Seemingly really about how political leadership styles have particular consequences, with Southeast Asia as the backdrop. Very wordy.
The few things I was able to take away:
+ ASEAN is a ‘talk shop’. But, ASEAN has proven resilient in the face of geopolitical and domestic change.
+ ASEAN’s influence is such that some refer to the ‘ASEANization’ of East Asian and Asian pacific arrangements.
+ Elites have conceived regional cooperation as a relationship building process. This is done through talking.
+ The idea of ‘one’ Southeast Asia remains a radical concept. Diversity exists. But, the author argues that this diversity is a source of vulnerability, which has become a driver for the regional elite in how to approach finding unity in diversity.
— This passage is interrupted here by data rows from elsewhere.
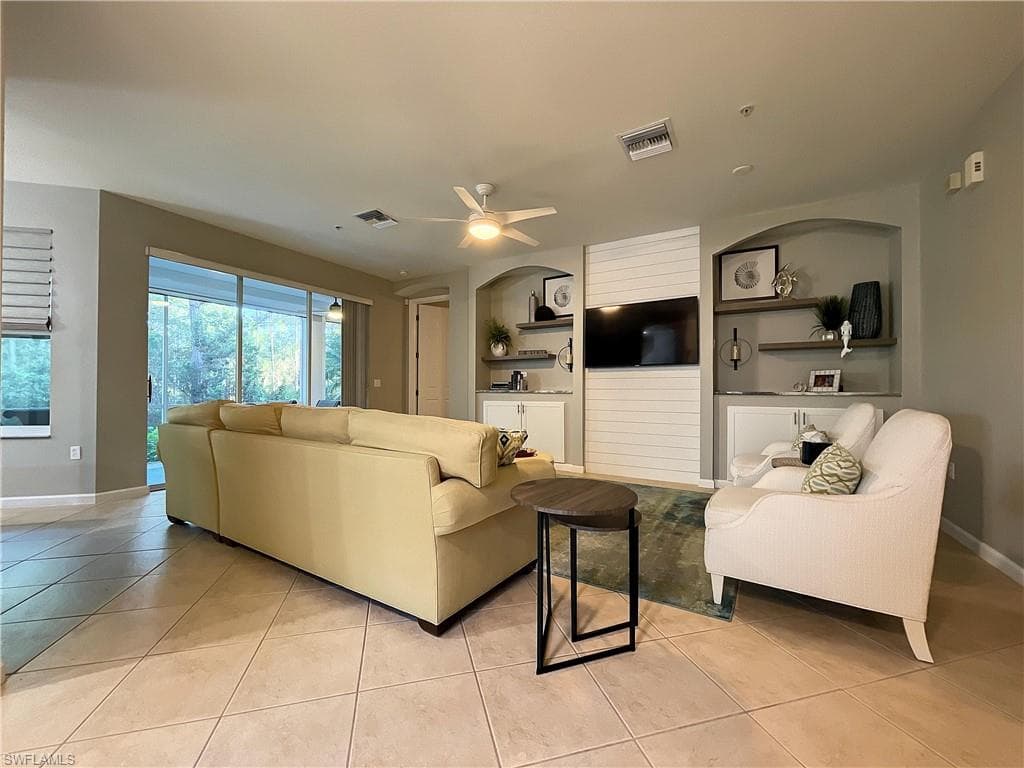 17498 Old Harmony DR 101 FORT MYERS, FL 33908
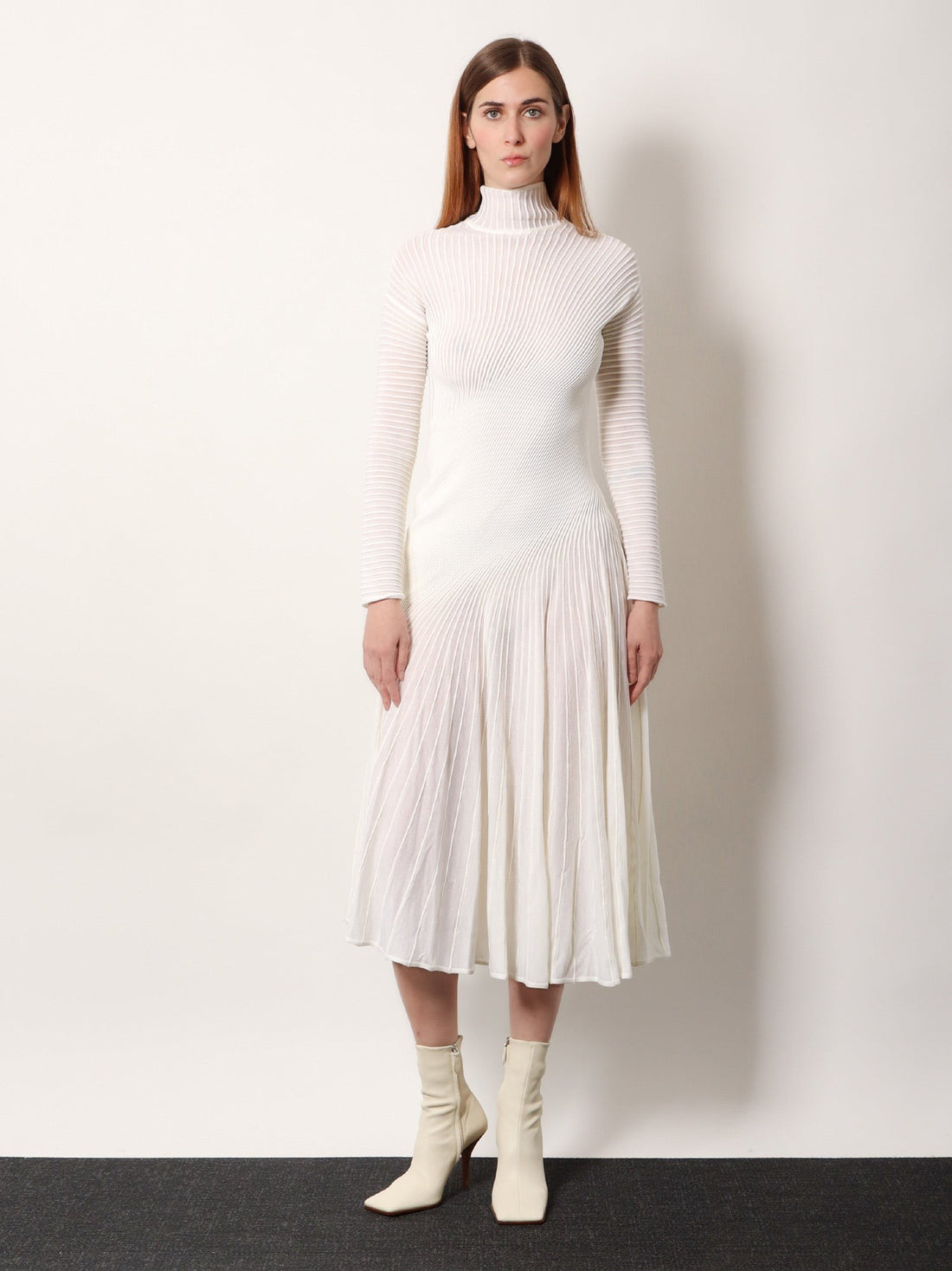 ALAIA - Long wool dress long-wool-dress_db580087-72b4-4236-a6b4-5205532b5c5b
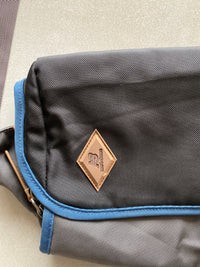 NEW BALANCE SHOULDER BAG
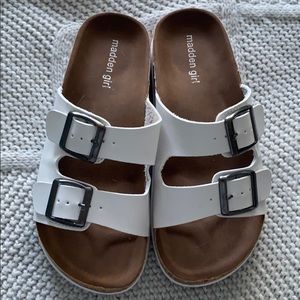madden girl size 6 white sandals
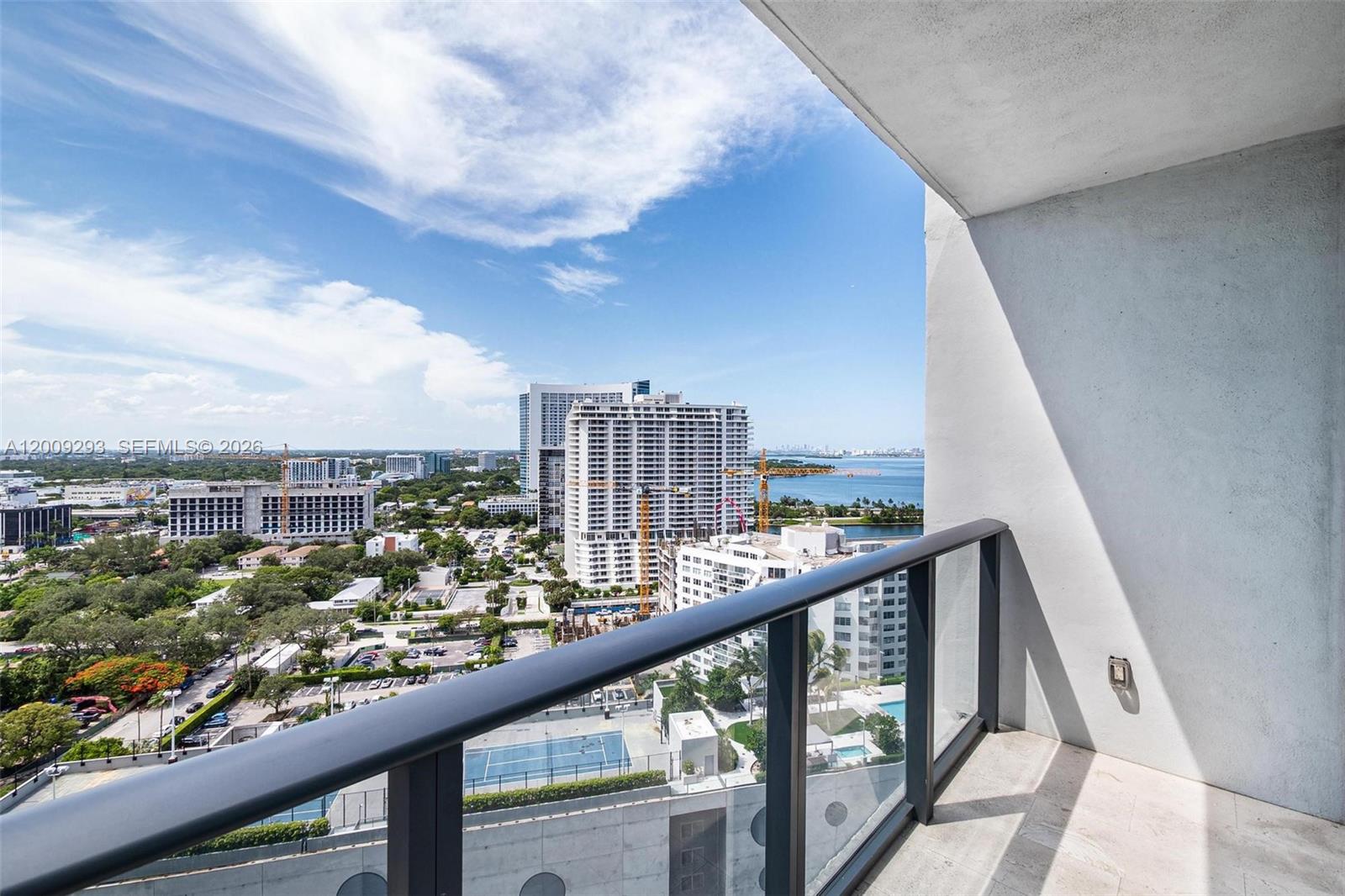650 NE 32nd St #2101 Miami, FL 33137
However, exactly because of the differences, this drive for integration needs to happen slowly, and with care.
+ US policy shifts have been the biggest driver for Intra-ASEAN reflection and reevaluation.
+ The particular politics and social context of 1960s Southeast Asia made nationalism an important, initial ideological boundary for regional ideas and arguments.
+ Regional resilience provided an important common interpretation of problems that then made regional unity an important coordinating principle in states’ response to new developments and challenges. States’ common understandings of themselves as weak, fragmented powers and the understood vulnerabilities of that division, especially in relation to various foreign forces, was a major driver for cooperation. If the problem is identified as one of division and fragmentation, then the logical solution must be one of unity and organization. Regional resilience is what makes “Southeast Asia” a meaningful and thus powerful organizing principle.
+ Practically all of ASEAN’s major initiatives—beginning with its founding—have involved activist or entrepreneurial efforts.
+ ASEAN’s regionalism is informal, less rule bound, and most of all dialogue and consensus driven.
+ Three related dynamics that get less attention: the roles played by lesser events and less dramatic shocks; the evolutionary and incremental processes of change; and the cumulative effects of ideas and processes on thinking and practice.
+ Despite unprecedented calls for revoking Myanmar’s membership, states have nevertheless remained reluctant to take stronger measures against that regime. This reluctance partly reflects a concern about setting a precedent of intra-ASEAN interference; but it is also a reflection of a strong belief that inclusion trumps exclusion.